**LISTED ENTRIES**
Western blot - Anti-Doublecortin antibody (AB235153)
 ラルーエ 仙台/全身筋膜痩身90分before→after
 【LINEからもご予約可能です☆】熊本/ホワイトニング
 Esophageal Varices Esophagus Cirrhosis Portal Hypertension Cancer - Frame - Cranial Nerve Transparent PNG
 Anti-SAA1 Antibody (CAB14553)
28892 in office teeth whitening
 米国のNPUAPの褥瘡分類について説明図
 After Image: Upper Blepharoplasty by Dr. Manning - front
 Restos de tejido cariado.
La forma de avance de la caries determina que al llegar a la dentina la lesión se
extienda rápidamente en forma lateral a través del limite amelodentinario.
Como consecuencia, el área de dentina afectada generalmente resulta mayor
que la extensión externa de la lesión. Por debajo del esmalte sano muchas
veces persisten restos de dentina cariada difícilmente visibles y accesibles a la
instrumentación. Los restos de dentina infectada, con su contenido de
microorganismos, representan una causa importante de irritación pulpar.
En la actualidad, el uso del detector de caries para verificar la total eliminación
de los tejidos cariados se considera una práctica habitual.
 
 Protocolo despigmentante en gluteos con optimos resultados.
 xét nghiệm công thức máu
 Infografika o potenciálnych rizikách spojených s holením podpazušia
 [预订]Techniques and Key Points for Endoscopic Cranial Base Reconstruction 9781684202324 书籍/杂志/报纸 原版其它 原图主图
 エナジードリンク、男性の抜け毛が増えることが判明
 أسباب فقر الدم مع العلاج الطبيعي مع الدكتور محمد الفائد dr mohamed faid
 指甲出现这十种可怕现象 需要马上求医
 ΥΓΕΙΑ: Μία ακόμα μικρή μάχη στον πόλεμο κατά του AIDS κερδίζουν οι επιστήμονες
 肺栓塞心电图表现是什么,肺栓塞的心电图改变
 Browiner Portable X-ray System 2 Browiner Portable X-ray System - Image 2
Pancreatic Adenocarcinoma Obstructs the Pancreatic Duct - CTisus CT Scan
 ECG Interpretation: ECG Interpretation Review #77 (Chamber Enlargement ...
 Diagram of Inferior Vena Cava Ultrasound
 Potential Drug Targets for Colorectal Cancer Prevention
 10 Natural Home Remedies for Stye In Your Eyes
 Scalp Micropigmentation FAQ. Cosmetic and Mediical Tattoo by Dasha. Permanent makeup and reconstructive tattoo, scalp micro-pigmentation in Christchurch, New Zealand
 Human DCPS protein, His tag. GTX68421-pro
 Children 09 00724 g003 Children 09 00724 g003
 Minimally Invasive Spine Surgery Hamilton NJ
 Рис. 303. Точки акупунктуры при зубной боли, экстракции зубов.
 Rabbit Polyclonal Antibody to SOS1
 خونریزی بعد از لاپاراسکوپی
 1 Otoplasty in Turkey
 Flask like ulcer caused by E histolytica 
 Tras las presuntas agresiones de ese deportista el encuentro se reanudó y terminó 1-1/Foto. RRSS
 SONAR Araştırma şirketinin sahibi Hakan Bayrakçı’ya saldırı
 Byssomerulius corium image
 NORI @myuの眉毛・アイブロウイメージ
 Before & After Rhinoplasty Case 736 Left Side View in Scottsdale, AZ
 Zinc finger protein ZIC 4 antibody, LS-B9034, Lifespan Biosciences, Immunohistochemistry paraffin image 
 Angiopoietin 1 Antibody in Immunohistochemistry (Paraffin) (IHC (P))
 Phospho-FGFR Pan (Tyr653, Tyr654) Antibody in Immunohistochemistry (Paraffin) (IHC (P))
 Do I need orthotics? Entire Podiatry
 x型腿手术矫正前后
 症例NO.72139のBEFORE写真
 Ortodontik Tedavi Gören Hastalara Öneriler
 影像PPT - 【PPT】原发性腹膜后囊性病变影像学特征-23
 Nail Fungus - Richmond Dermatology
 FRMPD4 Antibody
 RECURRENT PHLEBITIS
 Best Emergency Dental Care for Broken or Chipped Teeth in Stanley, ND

**TASK ITEM**
What is the number of lines in the records that hold "caries"? Give the number by itself.

**RESULT**
2